吴老狗没有走进裂缝。他停在裂缝外侧,三寸钉在他脚边蹲着,他能从裂缝的窄缝看见里面的情况。三寸钉把下巴搁在裂缝边缘的石面上,耳朵朝内扣着,尾巴贴着地面,安静地看着石室内部的景象,发出极低的、压抑的呜声,像在辨认和记忆某样正在发生的东西。
"银光已经覆盖了她身体的四分之一,"鸠山美志开口了。他的声音在空旷的石室里传出去很远,被穹顶和四壁缓慢地吸收着,像石头本身在消化他说出的每一个字,"超过了窄娘娘任何一次激活的极限覆盖范围。窄娘娘在银光到达锁骨位置之后会开始不可逆的形态退化。她目前没有出现任何退化的迹象——银光还在继续延伸,速度没有减慢,甚至比之前更快了。窄娘娘在银光覆盖到锁骨之后,需要大约三天时间才会出现形态上的可见改变。她目前的银光正在向胸腔方向推进,速度大约是窄娘娘峰值期的三倍。"

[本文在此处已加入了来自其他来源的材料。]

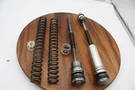 2021-2022 Kawasaki ZX6R ZX636 Inner Interior Set Front Fork Cartridge. Fixed Price $161.67.
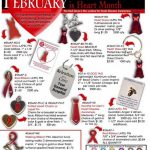 Heart Disease Awareness Month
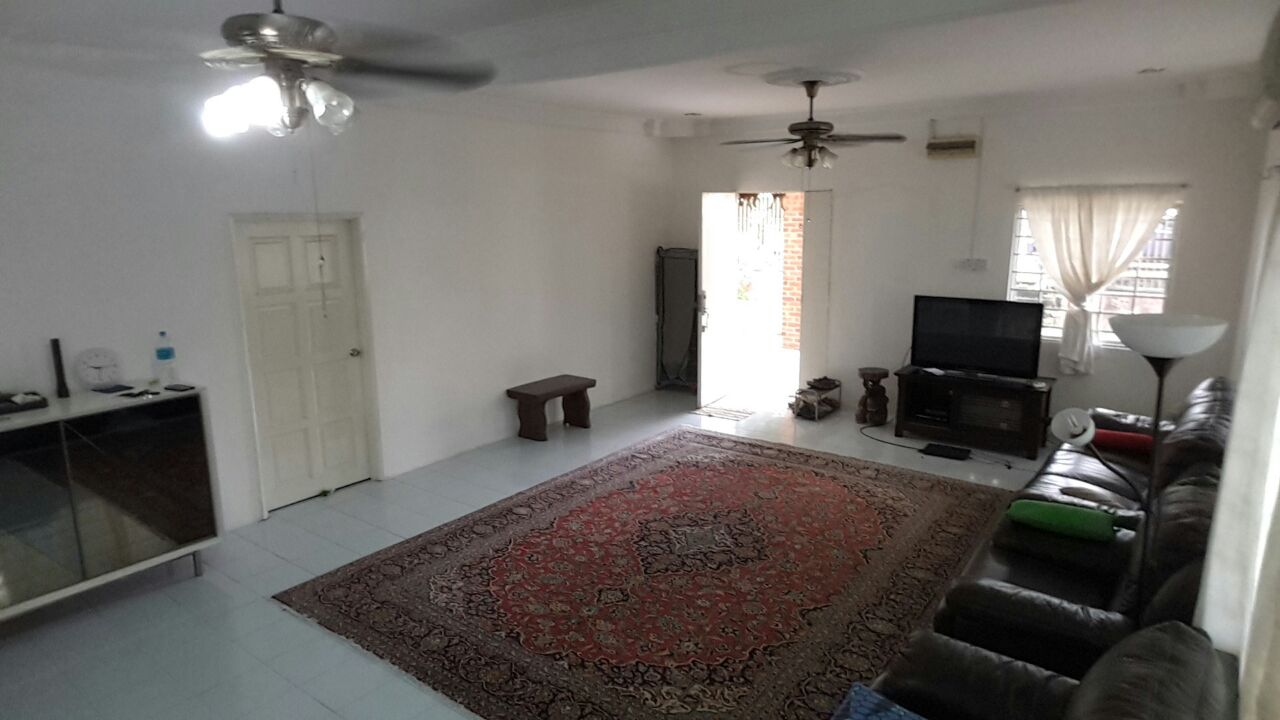 Single storey Bungalow, Desa Melor, Serendah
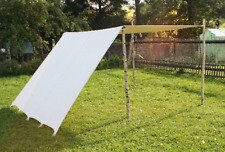 Reenactment white tent for sale  Shipping to Ireland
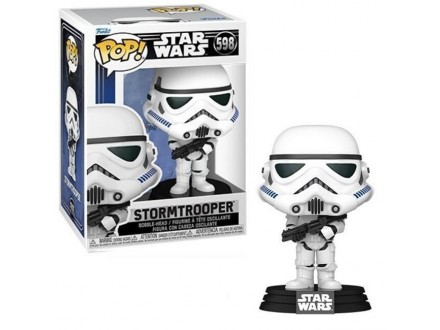 Star Wars POP! Classics Stormtrooper 9 cm
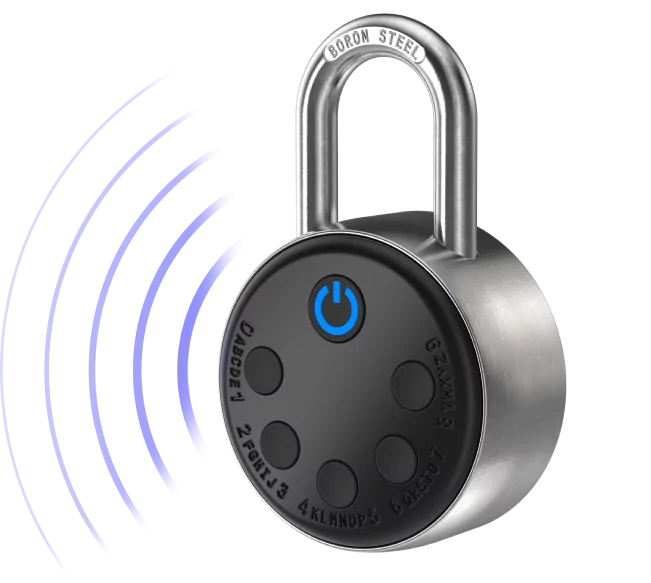 Bluetooth Smart Lock Impact
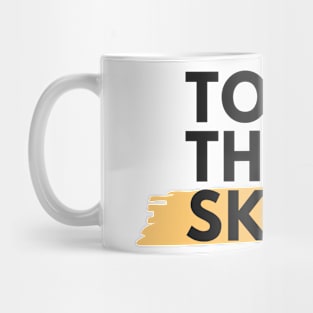 Touch The Sky Mug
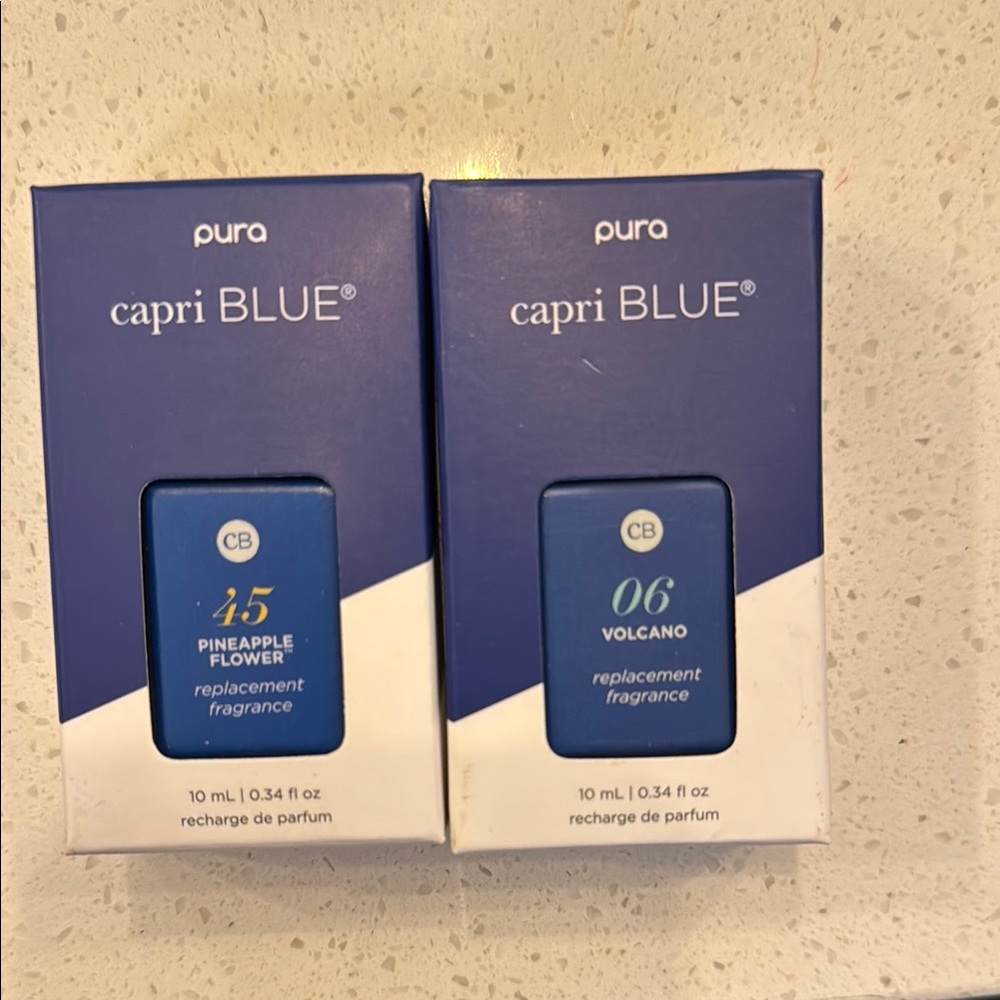 Pur Capri Blue Replacement Fragrance - Blue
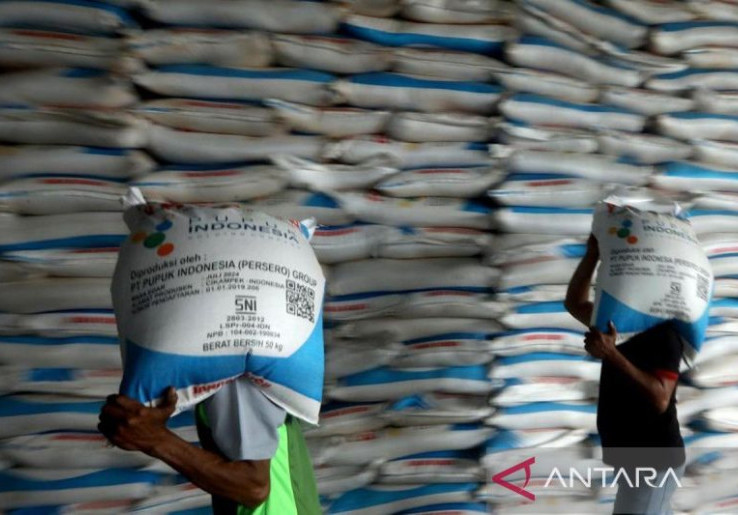 Kementan Tegaskan Stok Pupuk Cukup dan Mudah Diakses, Indonesia Makin Dekat Capai Swasembada Pangan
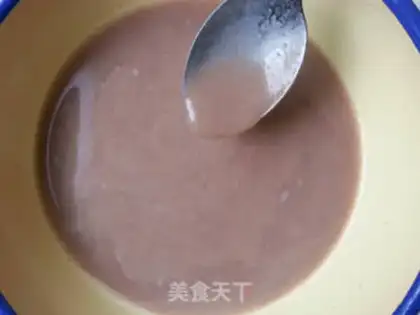Make Bean Sand step 3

齐铁嘴没有接话。他的目光从鸠山美志脸上移开,落在石台边缘那条系着小九手腕的皮带上。皮带扣的位置在靠近石台底座的地方,那是一个搭扣式锁扣,只要从侧面按住搭扣就能松开。他又顺着皮带向上看了一眼,小九的手指平放在石台上,指节微微蜷着,没有握紧也没有完全放松。她的左手没有被固定,自然地搭在石台的边缘,五指微张着。她的呼吸节奏平稳,像是正在深度睡眠中,胸口的每一次起伏都带着一种舒缓的规律。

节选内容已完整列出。